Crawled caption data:
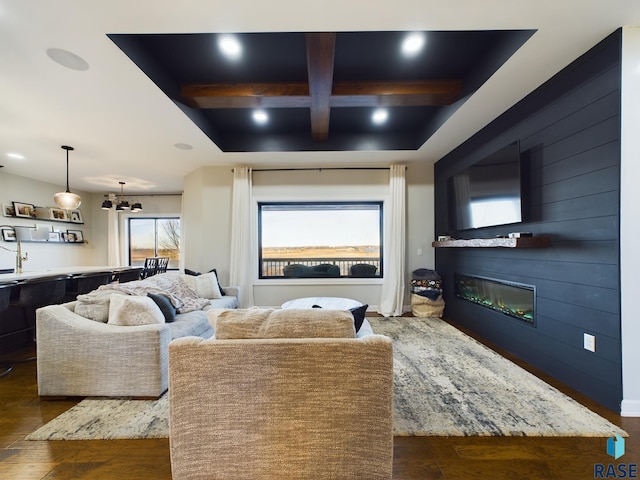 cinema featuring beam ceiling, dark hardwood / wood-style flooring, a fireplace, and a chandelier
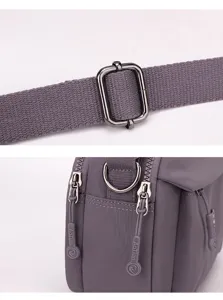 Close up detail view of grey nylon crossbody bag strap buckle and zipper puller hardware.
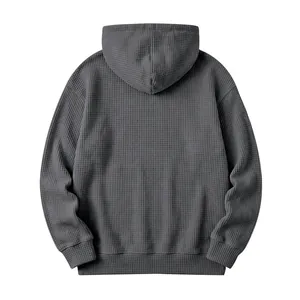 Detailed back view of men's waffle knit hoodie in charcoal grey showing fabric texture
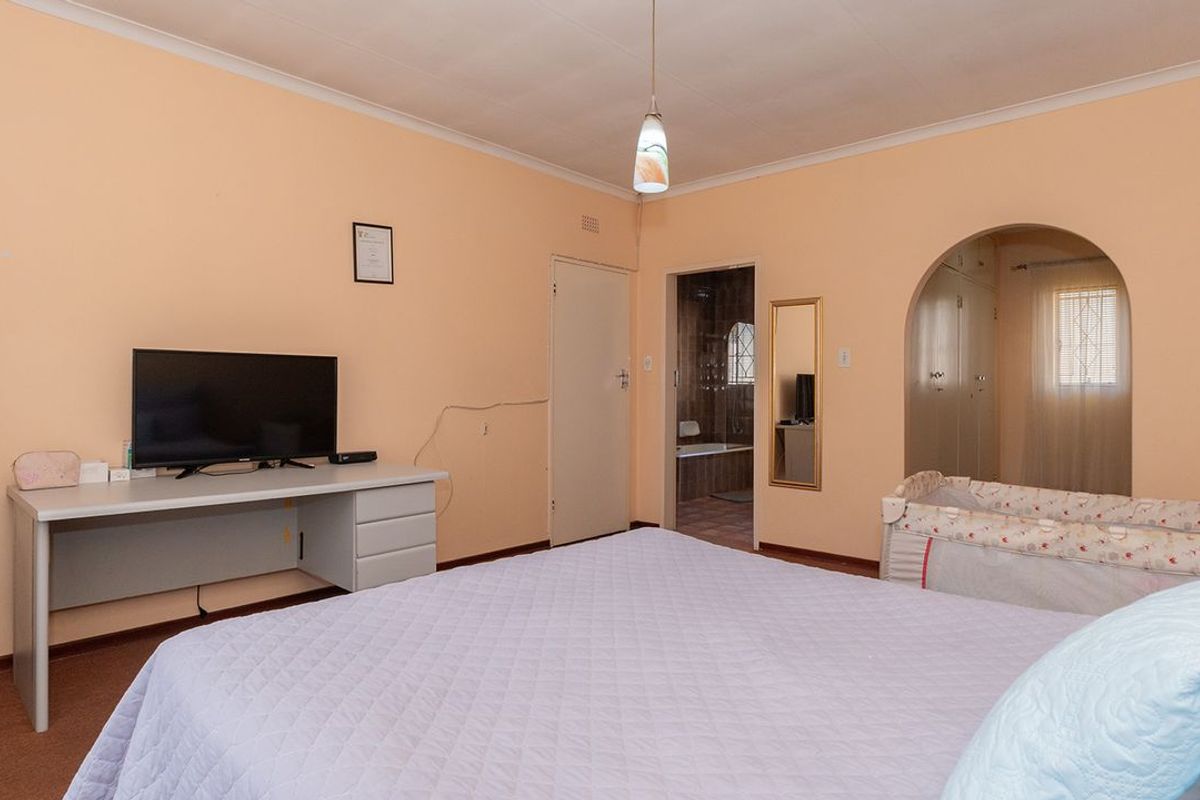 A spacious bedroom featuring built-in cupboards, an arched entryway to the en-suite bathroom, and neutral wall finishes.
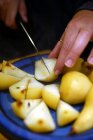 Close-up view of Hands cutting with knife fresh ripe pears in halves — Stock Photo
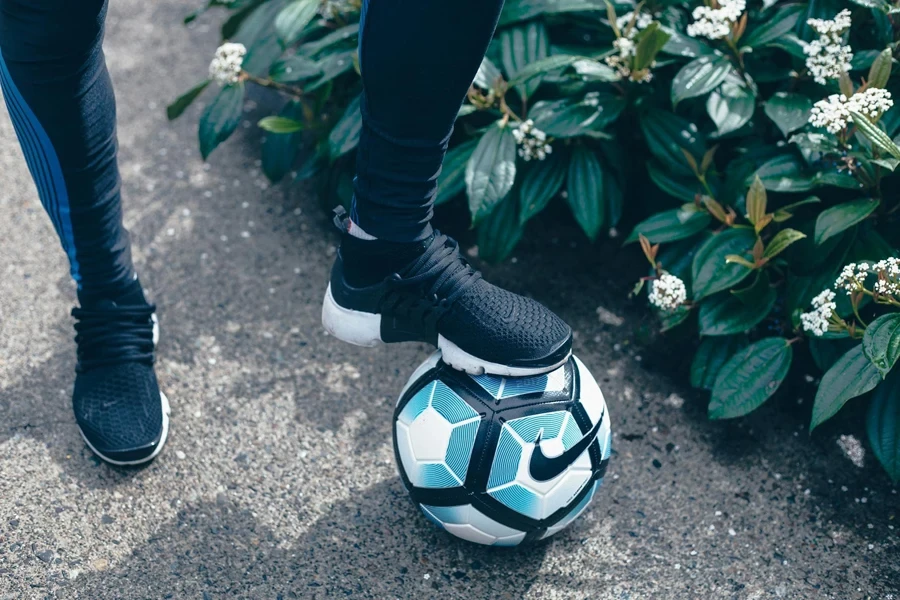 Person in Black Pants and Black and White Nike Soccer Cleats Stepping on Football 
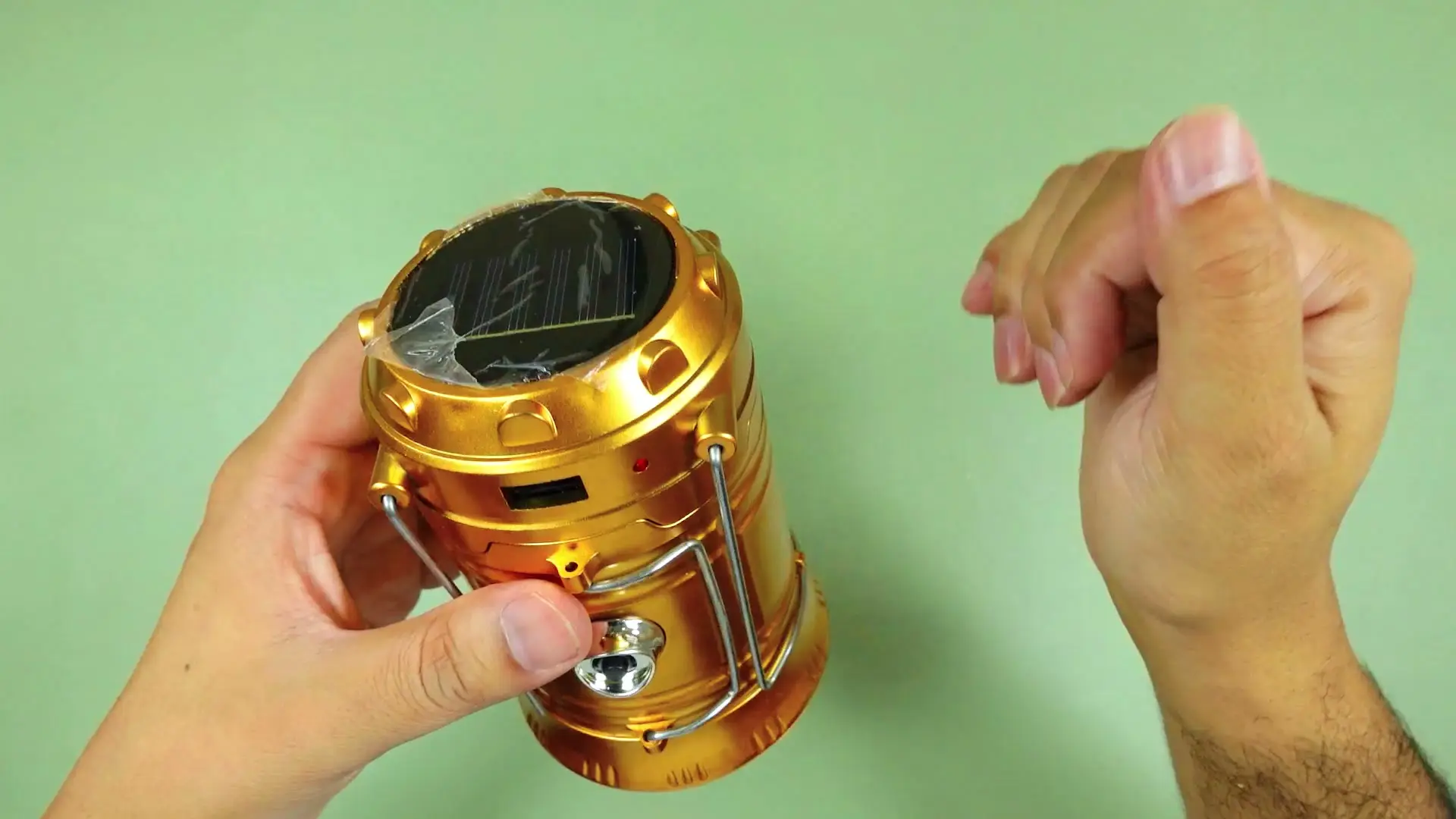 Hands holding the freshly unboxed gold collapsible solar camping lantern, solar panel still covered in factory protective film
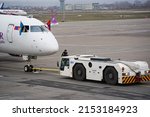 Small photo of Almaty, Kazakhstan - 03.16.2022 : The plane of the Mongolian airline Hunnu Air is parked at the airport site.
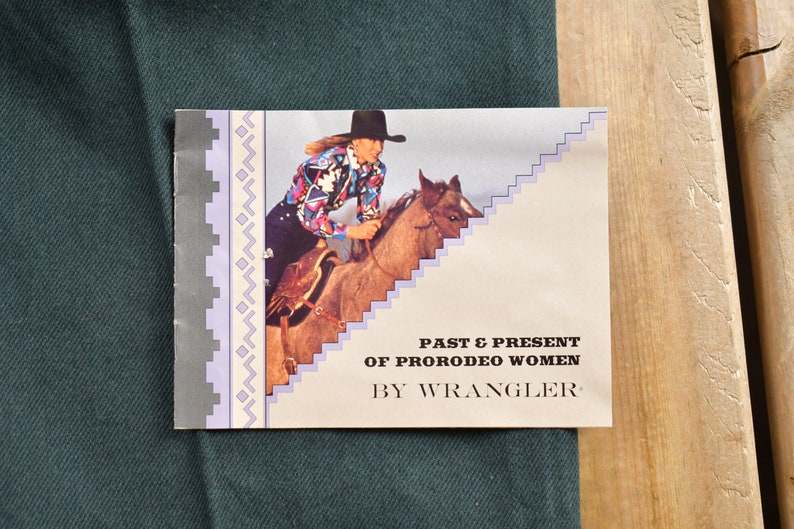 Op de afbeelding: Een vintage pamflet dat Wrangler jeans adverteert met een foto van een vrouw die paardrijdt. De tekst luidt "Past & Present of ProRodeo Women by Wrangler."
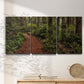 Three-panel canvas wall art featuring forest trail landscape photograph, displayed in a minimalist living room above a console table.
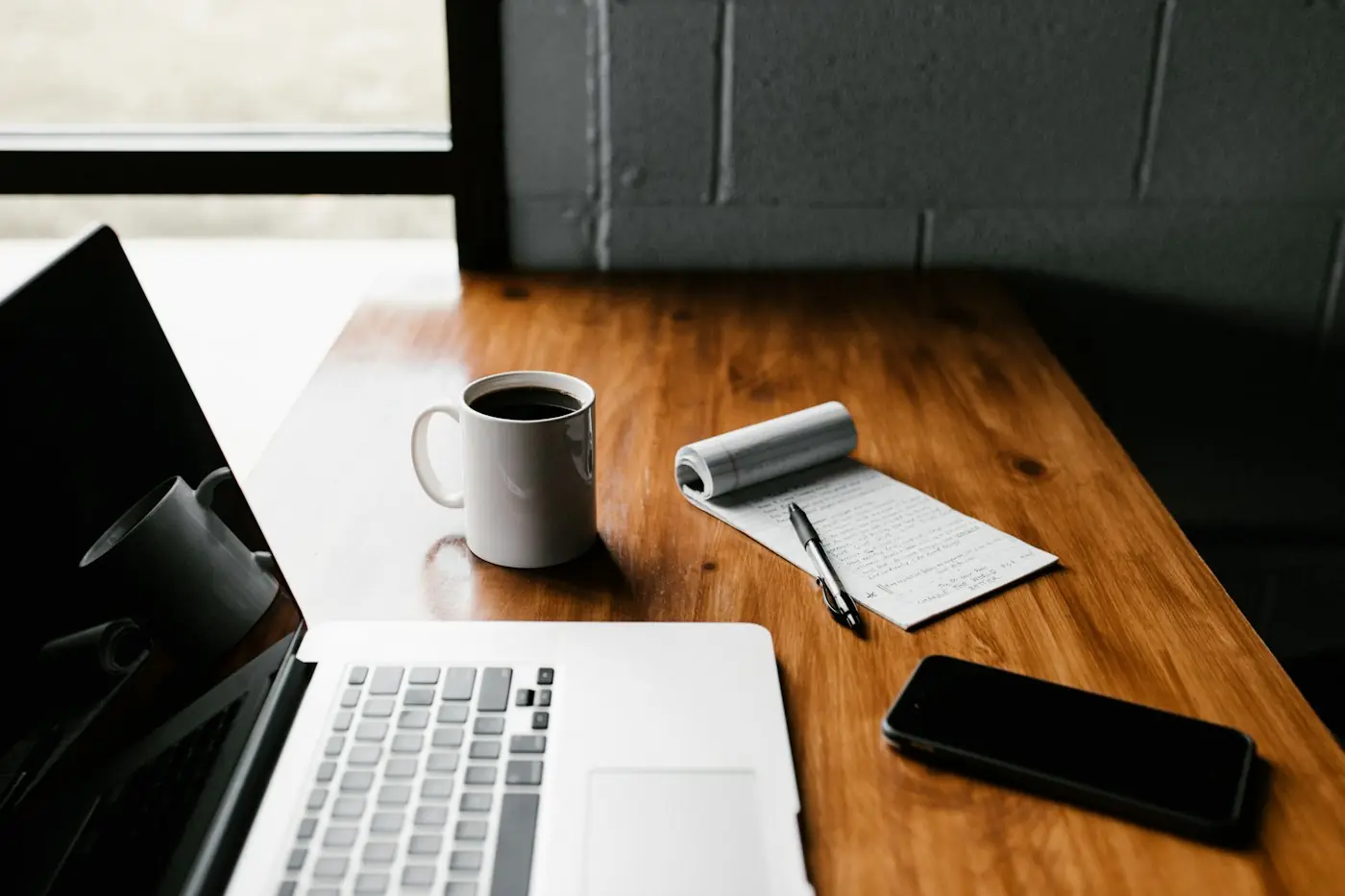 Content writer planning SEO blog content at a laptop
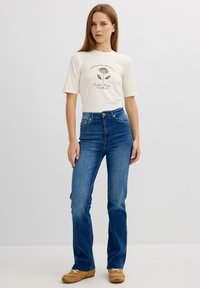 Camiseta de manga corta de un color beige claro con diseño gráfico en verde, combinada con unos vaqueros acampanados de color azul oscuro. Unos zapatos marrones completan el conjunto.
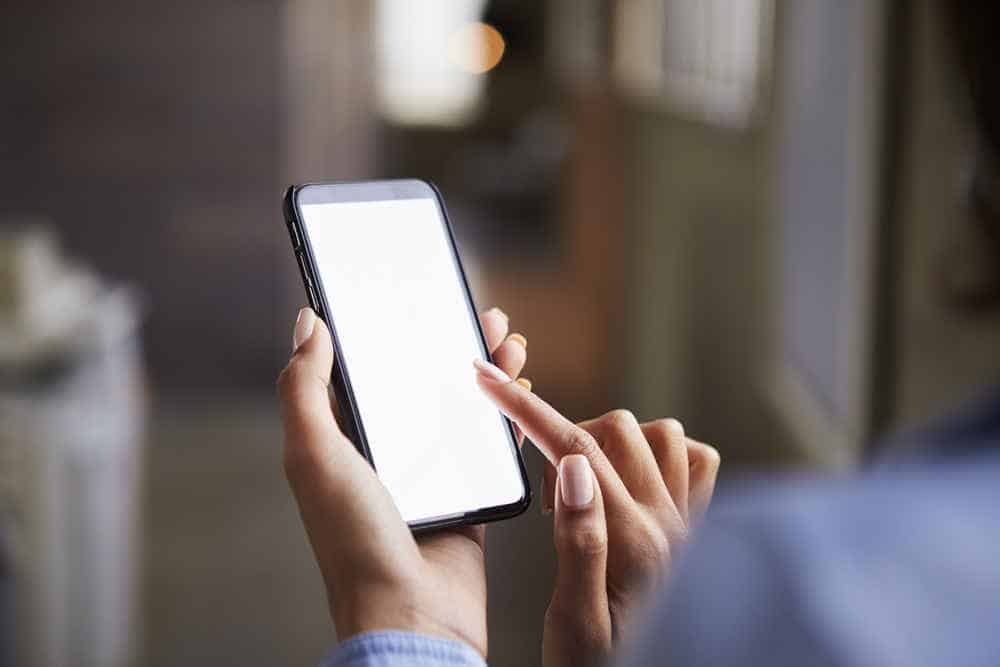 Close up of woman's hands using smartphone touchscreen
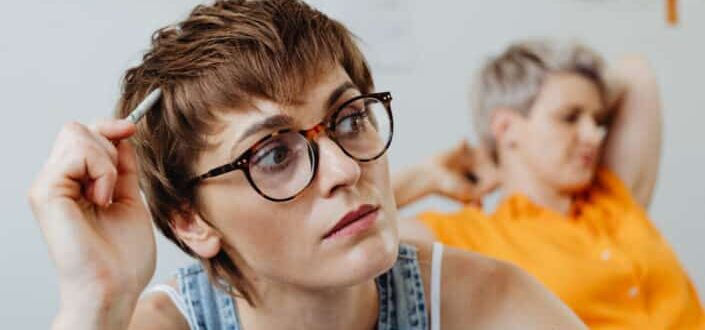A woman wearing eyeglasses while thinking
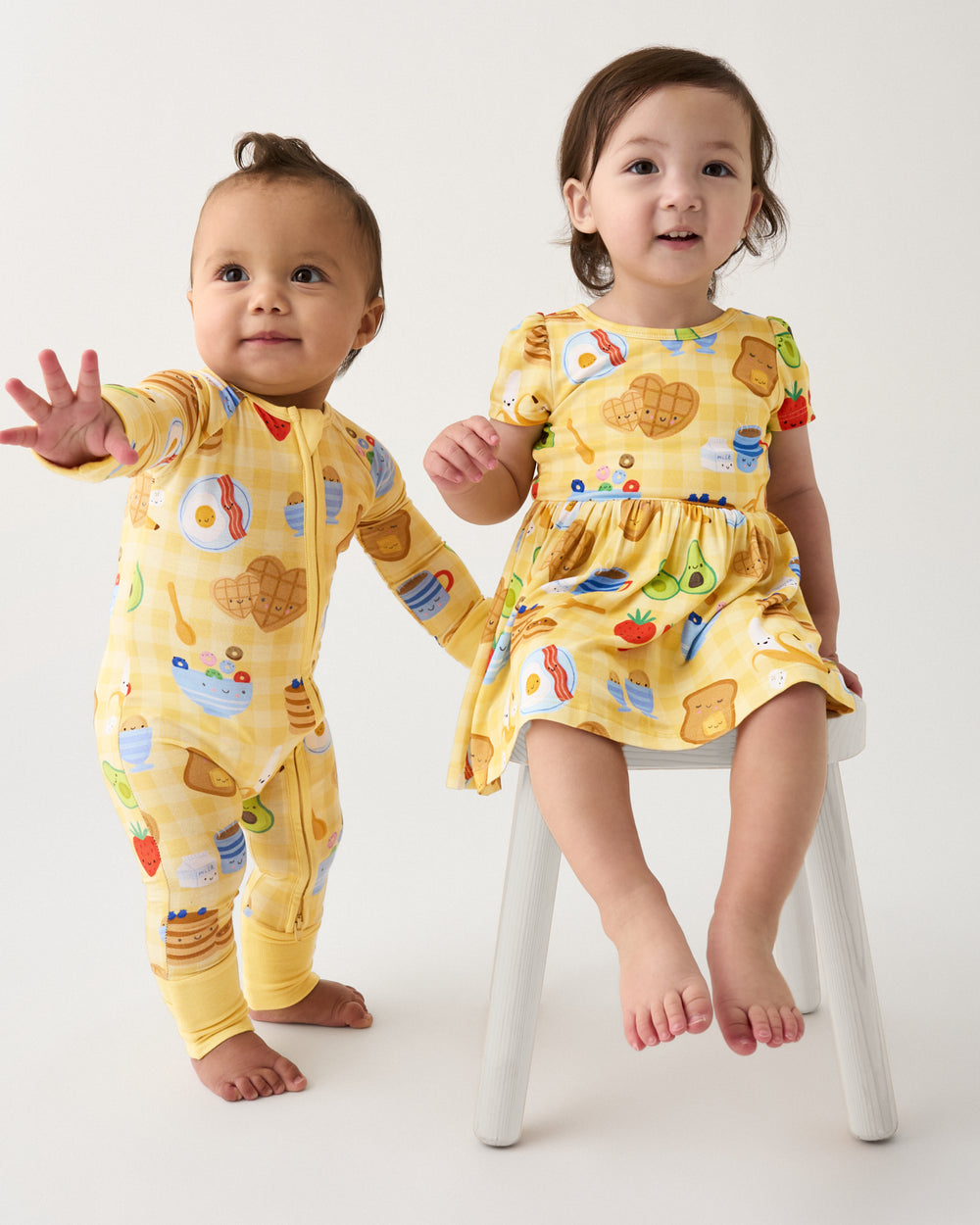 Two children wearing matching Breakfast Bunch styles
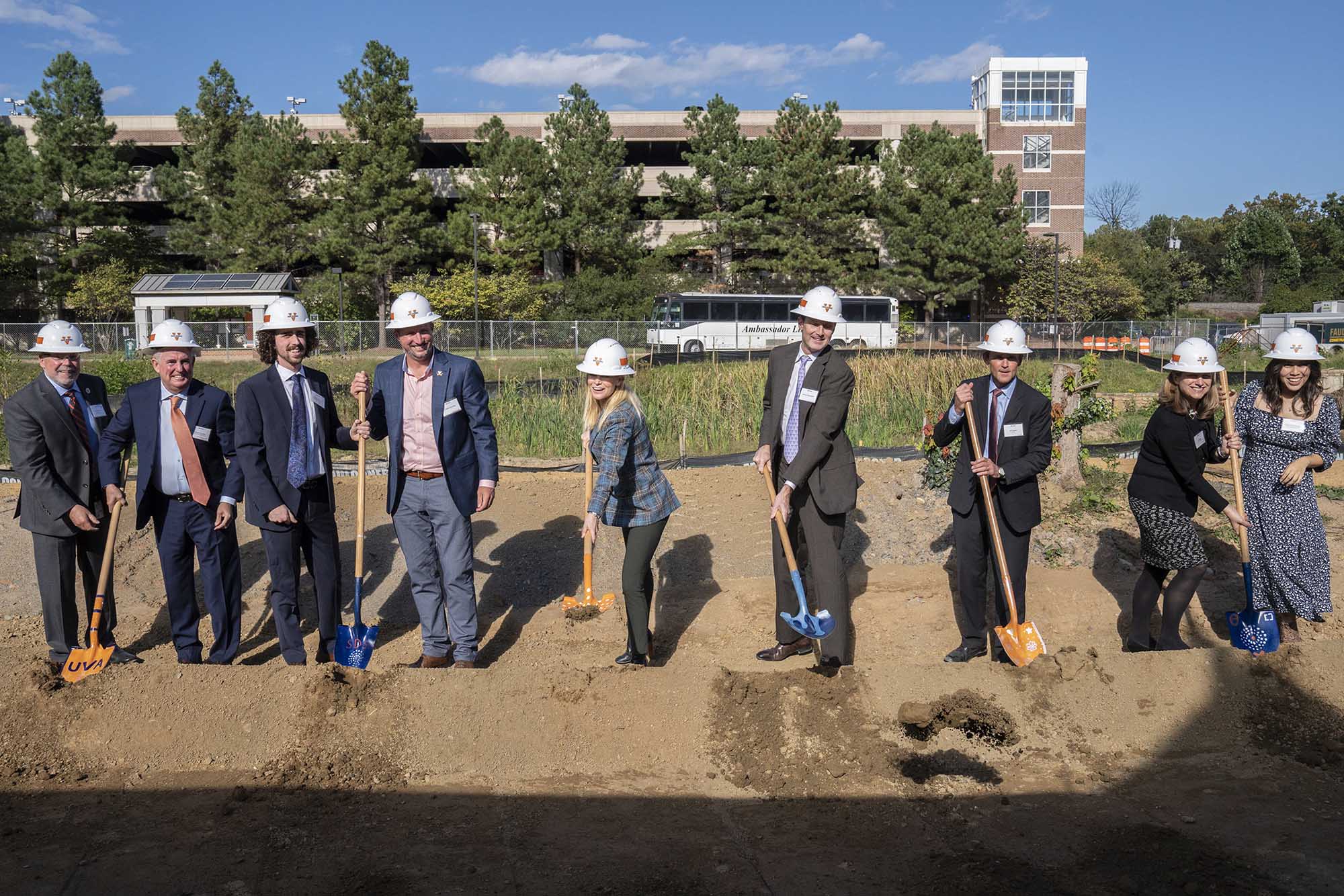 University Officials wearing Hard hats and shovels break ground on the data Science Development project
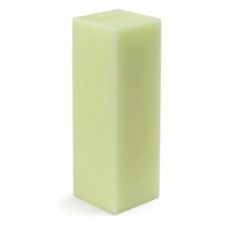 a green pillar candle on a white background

Instructions to follow -> Your answer must be exactly the lines from the one with "University Officials wearing" through the last line of the entries, both included, with no pictures; please add nothing else.

Reply to the exercise ->
 University Officials wearing Hard hats and shovels break ground on the data Science Development project
 a green pillar candle on a white background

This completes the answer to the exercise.